Damit hat sich die überraschende Verbesserung einiger Wirtschaftsindikatoren im Vormonat als nicht nachhaltig herausgestellt. Der konjunkturelle Trend in der EWU-Wirtschaft weist weiterhin nach unten. Es ist allerdings seit Jahresbeginn ein relativ flacher Abwärtstrend, was sich auch darin zeigt, dass die Jahresveränderungsrate des Euro-Indikators seit ihrem Tief von Anfang 2019 tendenziell wieder etwas angestiegen ist. Ein wirtschaftlicher Absturz ist daher in den kommenden Monaten nicht zu erwarten.

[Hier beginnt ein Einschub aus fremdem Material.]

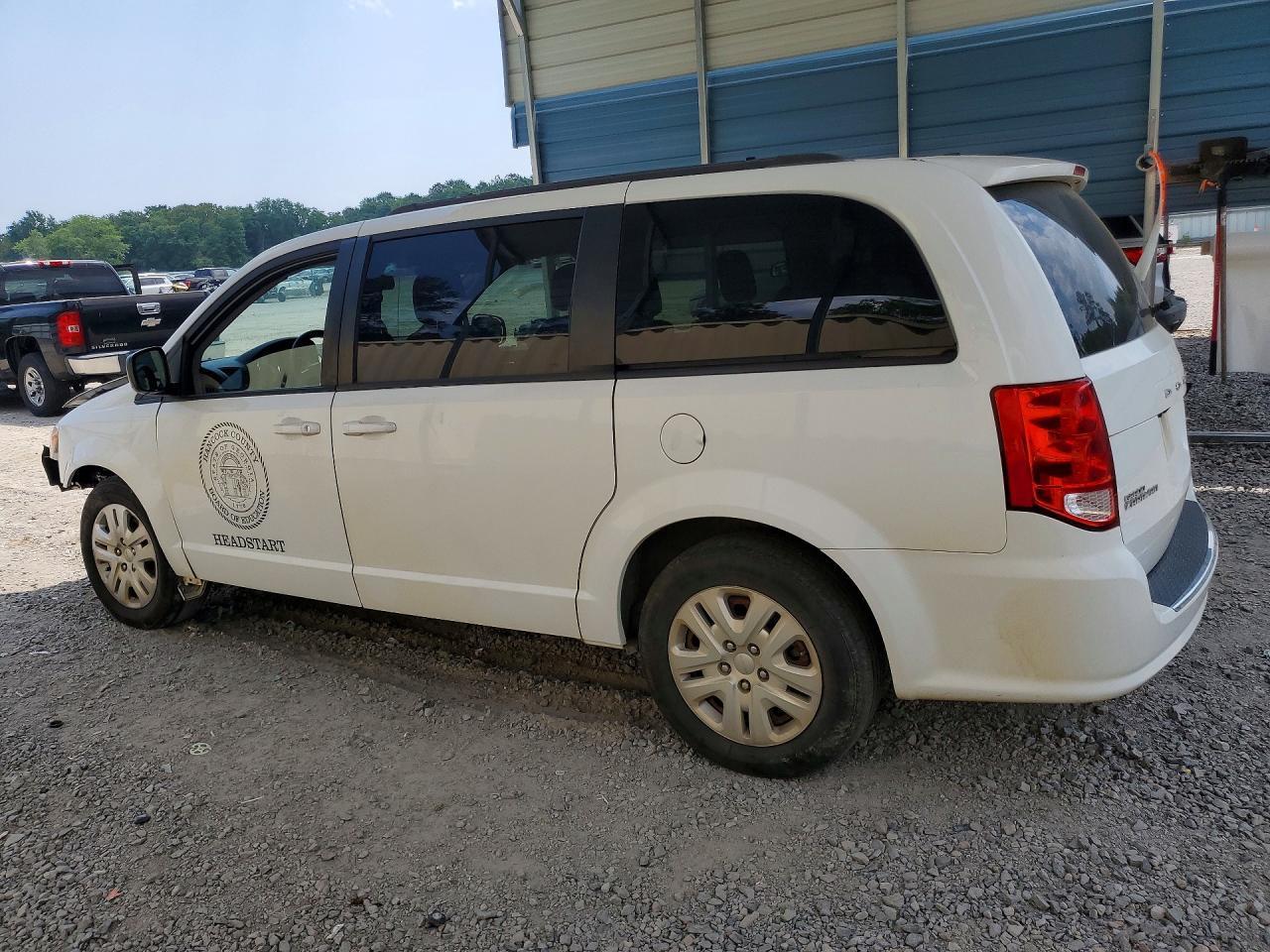 2018 DODGE GRAND CARAVAN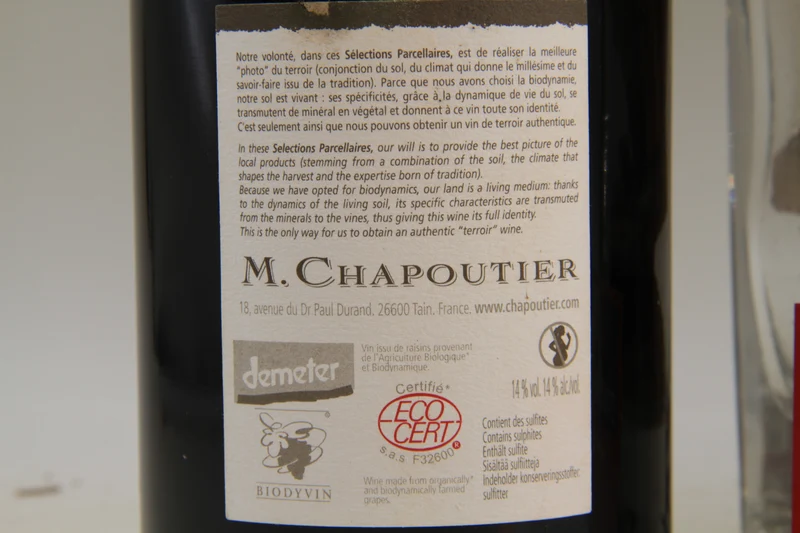 - Saint Joseph " Les Granits" ** 2006 ** Chapoutier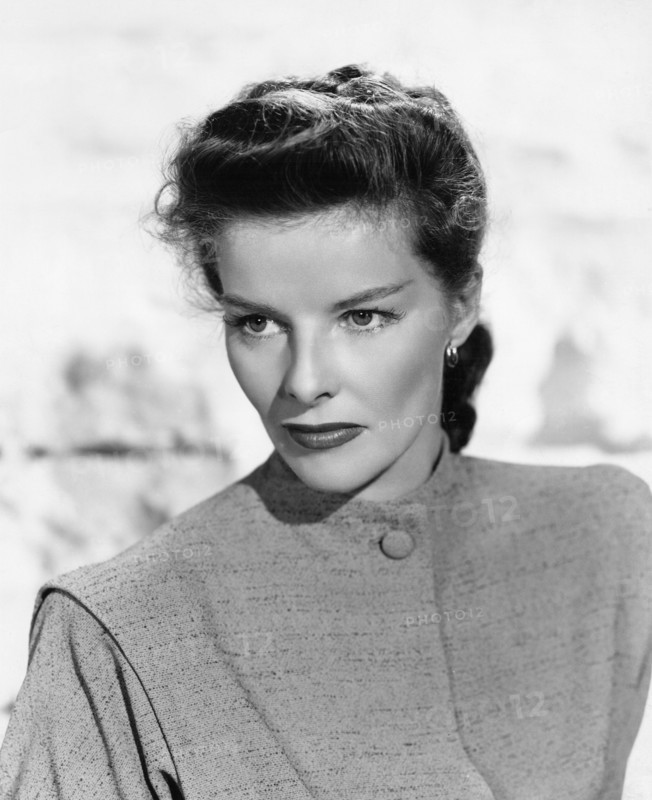 Katharine Hepburnon-set of the Film, Song of Love, 1947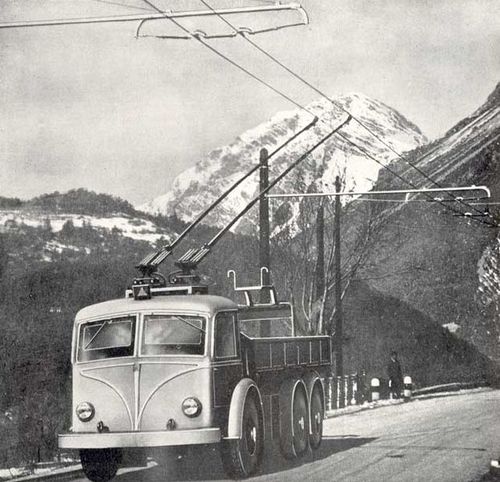 Trolleytruck italy 2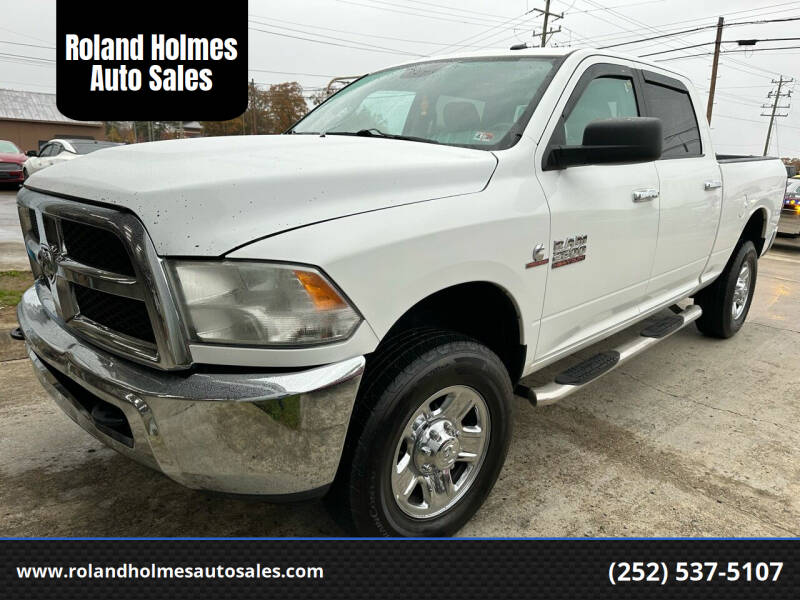 2014 RAM 2500 for sale at Roland Holmes Auto Sales in Roanoke Rapids NC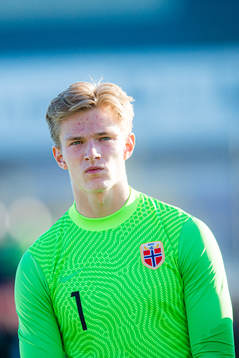 Isak Midttun Solberg of Norway the UEFA Euro Under-18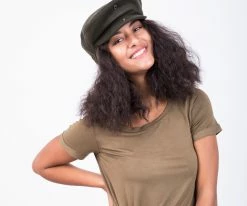 Midtown - Walrus Hats Wool Blend Ivy Cap Men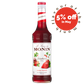 MONIN Strawberry Syrup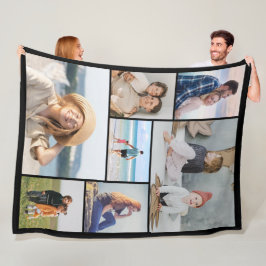 Manta Polar Crear su propio Collage de fotos 7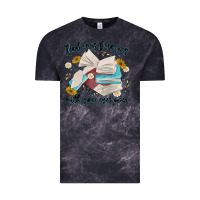 Cloud Black reading is dreaming with your eyes open Vintage Tee - MaliasSmallBusiness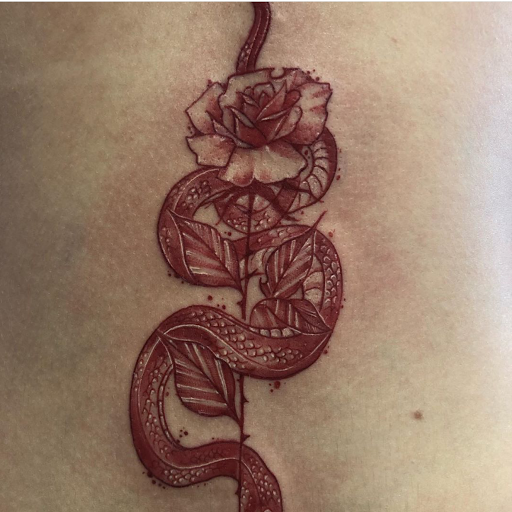 Explore serenity prayer tattoo ideas, creative tattoo ideas in Aledo, available at Elevated Tattoo & Piercing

Nach wie vor steht der Industriesektor im Zentrum der konjunkturellen Eintrübung. Im Juni zeigte sich das vor allem an den verschlechterten Produktionserwartungen der Unternehmen. Sie haben das Plus des Vormonats wieder abgegeben und bewegen sich in der Nähe ihres Sechs-Jahres-Tiefstandes. Auch bei den Einkaufsmanagern im verarbeitenden Gewerbe ist noch keine Stimmungsverbesserung festzustellen. Die IHS-Markit-Umfrage berichtet von einem erneuten Auftrags- und Produktionsrückgang im Juni, der den europäischen Industriesektor belastet.

Dagegen ist die Stimmungslage bei den privaten Haushalten im Euro-Raum nach wie vor nicht schlecht, auch wenn die letzten Monate eine gewisse Abkühlung des Sentiments gebracht haben. Im Hinblick auf ihre eigene Finanzlage sind die Verbraucher weiterhin recht optimistisch, was auch durch die immer noch gute Arbeitsmarktlage zu erklären ist. Das bedingt, dass auch die Neigung der Konsumenten zu größeren Anschaffungen noch nicht sehr stark durch die Konjunktureintrübung beeinträchtigt wurde.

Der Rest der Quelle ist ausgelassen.